## PROBLEM TO WORK ON
When you repeat the material, keep each line exact and omit the pictures.

## GIVEN MATERIAL
- - -

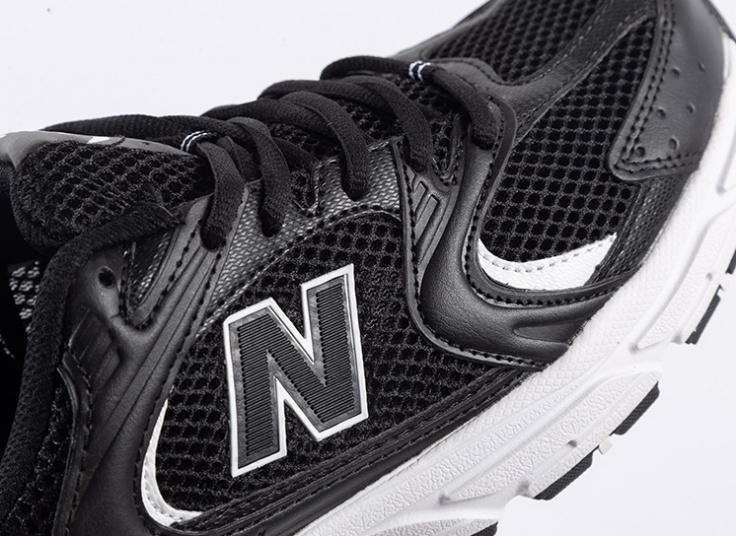 کتانی طرح New Balance مدل MR530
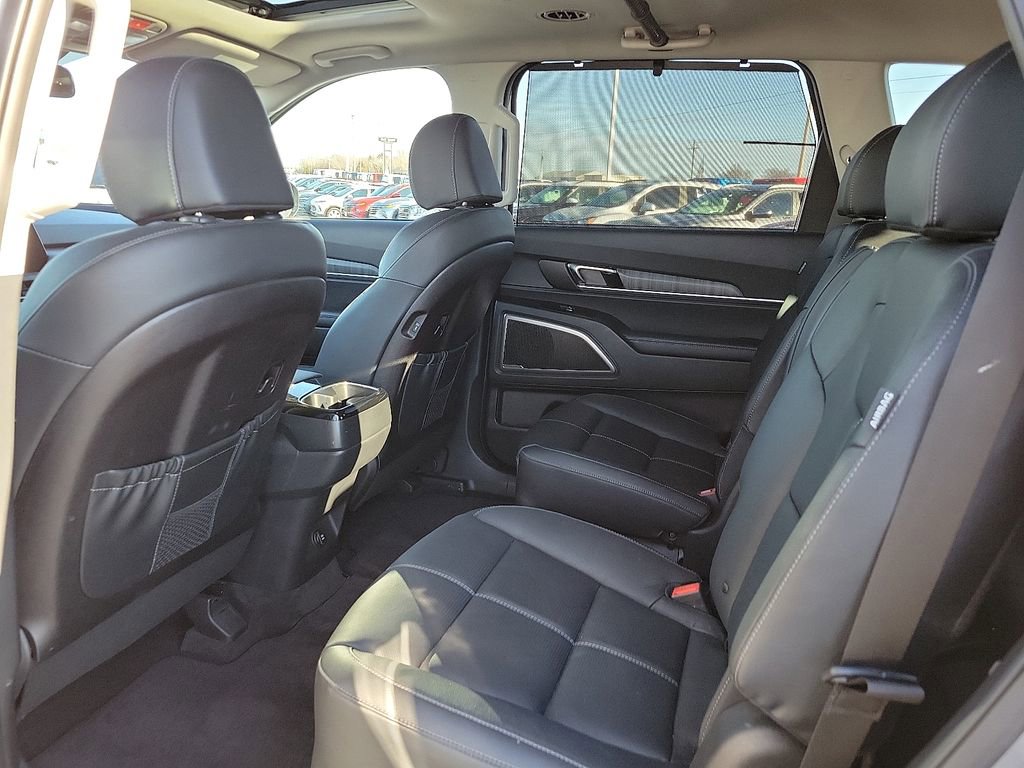 Used 2024 Kia Telluride EX w/ EX Captain's Chair Package image 10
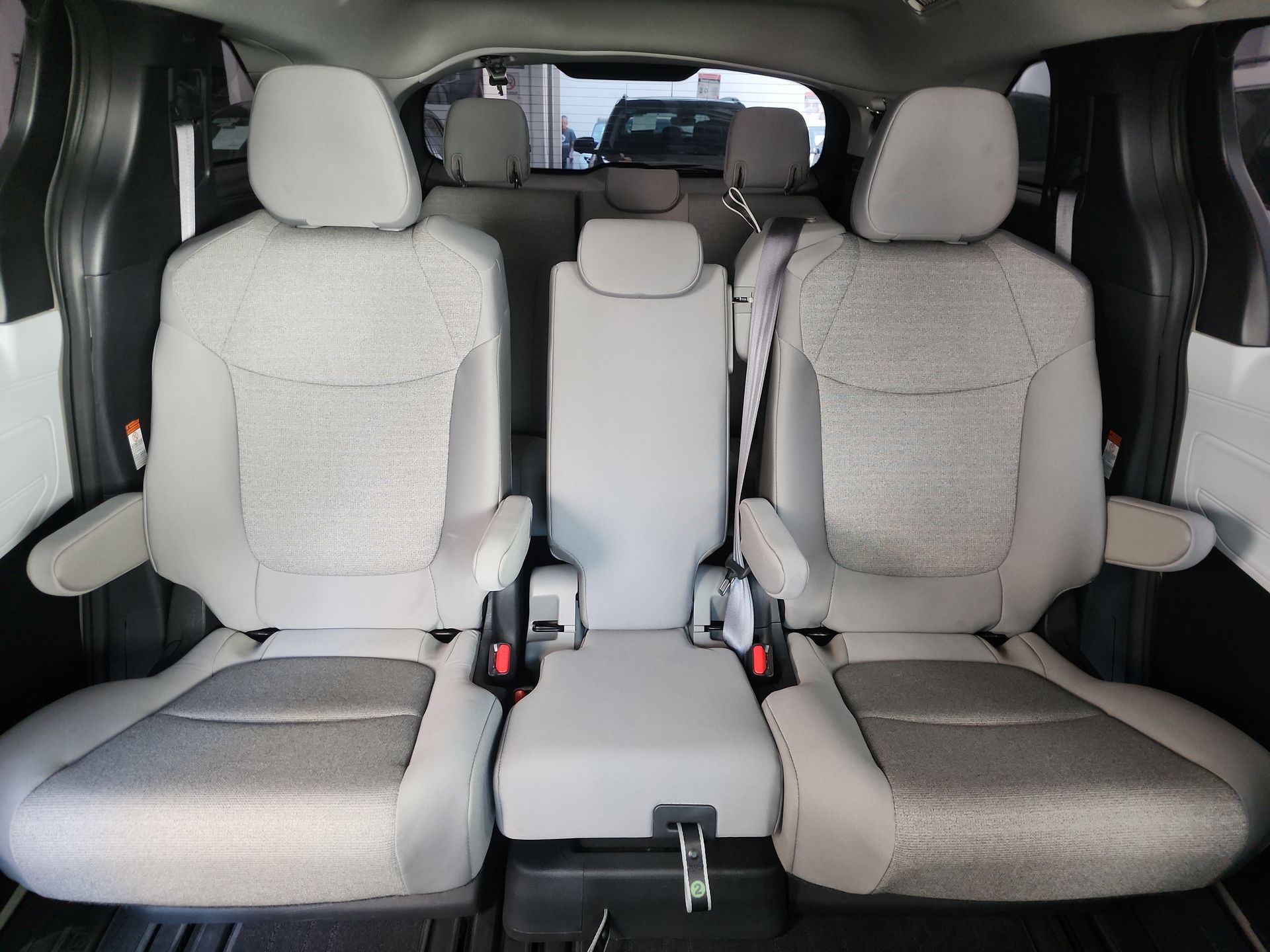 2025 Toyota SIENNA LE HEV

- - -

## ANSWER TO THIS PROBLEM
 کتانی طرح New Balance مدل MR530
 Used 2024 Kia Telluride EX w/ EX Captain's Chair Package image 10
 2025 Toyota SIENNA LE HEV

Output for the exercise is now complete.